Kyrgyzstan: Mining, Minerals and Fuel Resources

Topics Covered

Welcome to Kyrgyzstan
Overview of Resources
Fossil Fuels

Welcome to Kyrgyzstan

Kyrgyzstan, with a total population of 5,496,737 as of July 2012, is located in Central Asia, to the west of China and south of Kazakhstan. The country experiences subtropical, temperate and dry continental to polar climates and covers a total area of 199,951 km2.

The national flag of Kyrgyzstan.
Image Credit: CIA Factbook.

Russia took over many parts of Kyrgyzstan in 1876. The country gained independence in 1991 after which a number of market reforms were executed that showcased the country’s progressive attitude.

Kyrgyzstan has a well developed agricultural sector due to its mountainous terrain. The country’s industrial exports comprise natural gas, gold, uranium and mercury. Economic growth depended more on the exports of gold and the country’s GDP between 2007 and 2008 increased by 8% because of the global increase in gold prices.

In 2010, however, the country’s GDP dropped to 0.4% due to trading issues and instability in the political system. In 2011, the country saw a 5.7% increase in its economy and the GDP as of 2011 was $13.29 billion.

Overview of Resources

Kyrgyzstan’s key natural resources include gold, uranium, semiprecious stones, natural gas, oil, silver, coal and cement materials.

Although many minerals are mined in the country, gold accounted for more than 90% of the mined minerals. The country also has deposits of those minerals that were not mined and some of them include bauxite, iron ore, copper, tin, zinc, sulfur, tungsten, lead and arsenic.

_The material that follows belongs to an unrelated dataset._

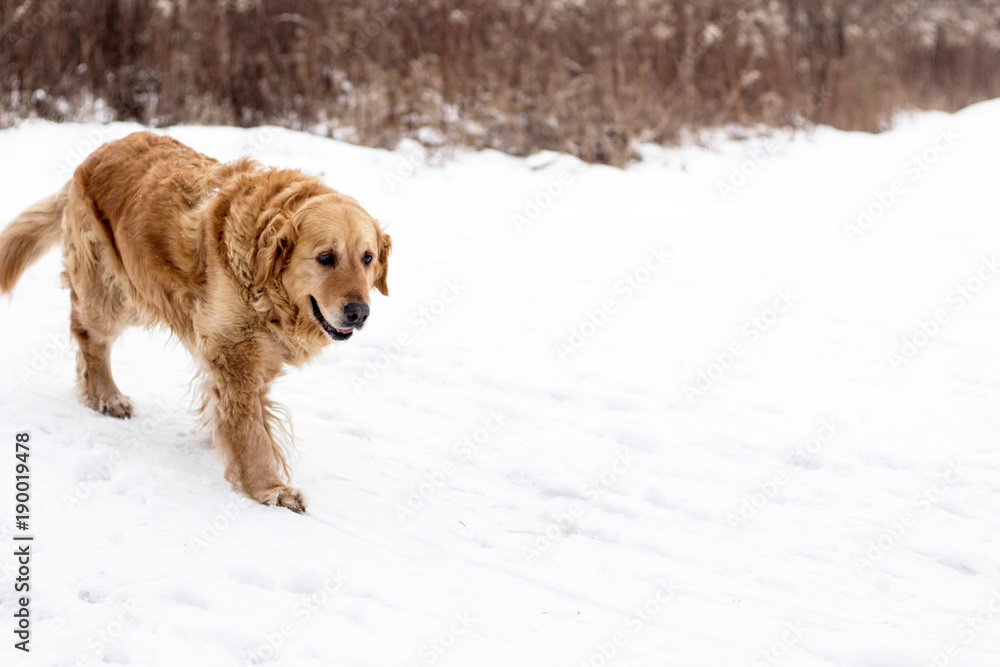 golden retriever dog winter portrait with snow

The mining of nonfuel minerals in Kyrgyzstan declined in 2010 and this in turn lead to a 0.4% decrease in mineral production in comparison with that of 2009.

The map of Kyrgyzstan. Image Credit: CIA Factbook


In 2010, the Kumtor mine and the Makmal Mine were the only gold mines that functioned in Kyrgyzstan. Centerra Gold Inc, a Canadian company, operated the Kumtor mine and extracted 568,000 troy ounces (17.7 t) of gold and produced 5.765 million Mt of gold in 2010. Kyrgyzstan’s economy depended on its gold exports especially from the Kumtor gold mine.

The Makmal Mine was operated by OAO KyrgyzAltyn and in 2010 the gold reserves of this mine were almost decreasing in number. KyrgyzAltyn had plans to utilize underground methods for future mining operations in the Makmal Mine.

Mining for mercury in Kyrgyzstan was carried in the Novoye and Khaydarkan deposits by the Khaydarkan mercury mining and metallurgical complex that had a metallurgical processing facility and a beneficiation plant.

In 2000, the mercury output from the beneficiation plant amounted to 500 to 600 t. In 2009, the Kyrgyzstan government had decided to stop all mining activities in this plant as it was hazardous to people residing near the plant location because of the large amounts of toxic waste generated by the plant. In 2010, the plant produced only 250 t of mercury. Further information on the closure of this mine is yet to be confirmed.

Fossil Fuels

In 2010, Kyrgyzstan had a very limited number of gas and oil reserves though the country had a good number of coal reserves. The country imported fossil fuels and natural gas in particular was imported from Uzbekistan.

The demand for uranium in Kyrgyzstan died down in 1991 along with the end of the Soviet period. Uranium mining completely stopped in the country due to several environmental issues.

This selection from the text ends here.